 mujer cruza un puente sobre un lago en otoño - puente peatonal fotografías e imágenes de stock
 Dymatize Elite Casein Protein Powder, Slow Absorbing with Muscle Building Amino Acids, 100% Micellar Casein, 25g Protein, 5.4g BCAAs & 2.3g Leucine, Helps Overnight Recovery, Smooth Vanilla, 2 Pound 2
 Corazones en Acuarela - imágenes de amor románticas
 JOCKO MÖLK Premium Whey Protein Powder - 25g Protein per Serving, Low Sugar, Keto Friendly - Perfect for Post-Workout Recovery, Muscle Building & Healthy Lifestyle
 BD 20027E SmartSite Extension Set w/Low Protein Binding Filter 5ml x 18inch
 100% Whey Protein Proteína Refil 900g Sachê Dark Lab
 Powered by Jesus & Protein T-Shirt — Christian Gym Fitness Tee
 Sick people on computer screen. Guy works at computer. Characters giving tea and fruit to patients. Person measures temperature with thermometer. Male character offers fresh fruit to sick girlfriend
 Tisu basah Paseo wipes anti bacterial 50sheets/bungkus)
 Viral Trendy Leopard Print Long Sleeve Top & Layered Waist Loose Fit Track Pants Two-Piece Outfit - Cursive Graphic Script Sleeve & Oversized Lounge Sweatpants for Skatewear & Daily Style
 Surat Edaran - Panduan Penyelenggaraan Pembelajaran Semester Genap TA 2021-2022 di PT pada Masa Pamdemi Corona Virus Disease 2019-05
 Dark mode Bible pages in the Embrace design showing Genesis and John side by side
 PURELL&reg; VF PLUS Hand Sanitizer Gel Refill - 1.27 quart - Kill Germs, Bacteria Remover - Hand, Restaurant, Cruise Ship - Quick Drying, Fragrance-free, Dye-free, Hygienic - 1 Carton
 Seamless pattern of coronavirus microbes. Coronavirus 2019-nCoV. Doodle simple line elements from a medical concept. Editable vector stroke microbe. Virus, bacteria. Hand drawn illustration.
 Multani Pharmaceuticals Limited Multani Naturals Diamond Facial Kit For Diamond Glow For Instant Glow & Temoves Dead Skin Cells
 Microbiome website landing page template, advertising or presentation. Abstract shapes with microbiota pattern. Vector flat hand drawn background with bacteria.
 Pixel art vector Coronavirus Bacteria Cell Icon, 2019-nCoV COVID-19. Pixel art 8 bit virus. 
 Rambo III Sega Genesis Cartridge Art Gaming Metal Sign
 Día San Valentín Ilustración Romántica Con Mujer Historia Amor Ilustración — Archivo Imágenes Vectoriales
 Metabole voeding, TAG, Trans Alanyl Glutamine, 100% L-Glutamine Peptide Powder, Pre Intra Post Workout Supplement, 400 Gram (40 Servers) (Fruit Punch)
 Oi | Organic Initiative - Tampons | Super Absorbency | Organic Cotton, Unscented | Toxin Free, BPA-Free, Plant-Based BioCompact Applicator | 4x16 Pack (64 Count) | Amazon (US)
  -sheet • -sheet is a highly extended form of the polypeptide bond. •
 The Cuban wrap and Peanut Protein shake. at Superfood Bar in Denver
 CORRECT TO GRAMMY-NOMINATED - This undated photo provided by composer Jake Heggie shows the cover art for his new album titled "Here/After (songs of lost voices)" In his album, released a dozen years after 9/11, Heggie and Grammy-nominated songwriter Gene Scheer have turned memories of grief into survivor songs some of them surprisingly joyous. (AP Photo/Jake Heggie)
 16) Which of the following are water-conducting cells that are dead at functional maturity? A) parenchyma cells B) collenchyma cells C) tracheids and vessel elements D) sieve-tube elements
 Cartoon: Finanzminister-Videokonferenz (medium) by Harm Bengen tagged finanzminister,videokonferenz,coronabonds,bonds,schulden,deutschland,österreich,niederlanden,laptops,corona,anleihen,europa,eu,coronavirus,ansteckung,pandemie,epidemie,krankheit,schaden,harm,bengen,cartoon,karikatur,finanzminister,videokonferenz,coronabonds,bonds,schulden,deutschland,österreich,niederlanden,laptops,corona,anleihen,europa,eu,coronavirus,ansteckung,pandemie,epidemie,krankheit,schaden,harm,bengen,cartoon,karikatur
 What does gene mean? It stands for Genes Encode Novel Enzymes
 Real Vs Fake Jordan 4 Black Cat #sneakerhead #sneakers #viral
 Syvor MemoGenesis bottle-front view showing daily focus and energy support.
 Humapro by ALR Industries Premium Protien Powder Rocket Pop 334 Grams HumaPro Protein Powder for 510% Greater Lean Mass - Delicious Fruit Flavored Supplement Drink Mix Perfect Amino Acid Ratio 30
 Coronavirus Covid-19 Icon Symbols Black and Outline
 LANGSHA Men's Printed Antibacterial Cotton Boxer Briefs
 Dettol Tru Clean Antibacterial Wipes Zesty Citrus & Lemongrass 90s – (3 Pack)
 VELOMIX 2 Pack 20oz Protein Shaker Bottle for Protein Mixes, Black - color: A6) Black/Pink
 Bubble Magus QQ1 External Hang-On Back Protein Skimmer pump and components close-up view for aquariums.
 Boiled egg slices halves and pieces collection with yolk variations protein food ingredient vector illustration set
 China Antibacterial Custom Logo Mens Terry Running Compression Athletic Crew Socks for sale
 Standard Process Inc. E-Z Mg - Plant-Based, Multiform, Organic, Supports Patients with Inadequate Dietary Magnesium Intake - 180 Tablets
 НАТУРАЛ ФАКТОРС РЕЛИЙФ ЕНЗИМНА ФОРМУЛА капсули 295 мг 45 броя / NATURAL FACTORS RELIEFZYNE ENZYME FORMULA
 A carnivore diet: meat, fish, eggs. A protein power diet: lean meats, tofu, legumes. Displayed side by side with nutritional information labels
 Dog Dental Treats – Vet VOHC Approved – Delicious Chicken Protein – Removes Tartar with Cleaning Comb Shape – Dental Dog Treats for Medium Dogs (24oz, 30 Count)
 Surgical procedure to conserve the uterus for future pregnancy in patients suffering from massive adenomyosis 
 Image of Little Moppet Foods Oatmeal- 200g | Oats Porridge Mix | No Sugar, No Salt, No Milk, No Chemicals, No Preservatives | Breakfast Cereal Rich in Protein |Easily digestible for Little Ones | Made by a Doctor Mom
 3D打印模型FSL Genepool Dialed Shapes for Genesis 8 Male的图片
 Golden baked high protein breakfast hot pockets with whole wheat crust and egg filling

### Task instructions
Return, with no change at all, every line in the entries above from the line containing "Dymatize Elite Casein" through the line containing "Viral Trendy Leopard".

### Result for this exercise
 Dymatize Elite Casein Protein Powder, Slow Absorbing with Muscle Building Amino Acids, 100% Micellar Casein, 25g Protein, 5.4g BCAAs & 2.3g Leucine, Helps Overnight Recovery, Smooth Vanilla, 2 Pound 2
 Corazones en Acuarela - imágenes de amor románticas
 JOCKO MÖLK Premium Whey Protein Powder - 25g Protein per Serving, Low Sugar, Keto Friendly - Perfect for Post-Workout Recovery, Muscle Building & Healthy Lifestyle
 BD 20027E SmartSite Extension Set w/Low Protein Binding Filter 5ml x 18inch
 100% Whey Protein Proteína Refil 900g Sachê Dark Lab
 Powered by Jesus & Protein T-Shirt — Christian Gym Fitness Tee
 Sick people on computer screen. Guy works at computer. Characters giving tea and fruit to patients. Person measures temperature with thermometer. Male character offers fresh fruit to sick girlfriend
 Tisu basah Paseo wipes anti bacterial 50sheets/bungkus)
 Viral Trendy Leopard Print Long Sleeve Top & Layered Waist Loose Fit Track Pants Two-Piece Outfit - Cursive Graphic Script Sleeve & Oversized Lounge Sweatpants for Skatewear & Daily Style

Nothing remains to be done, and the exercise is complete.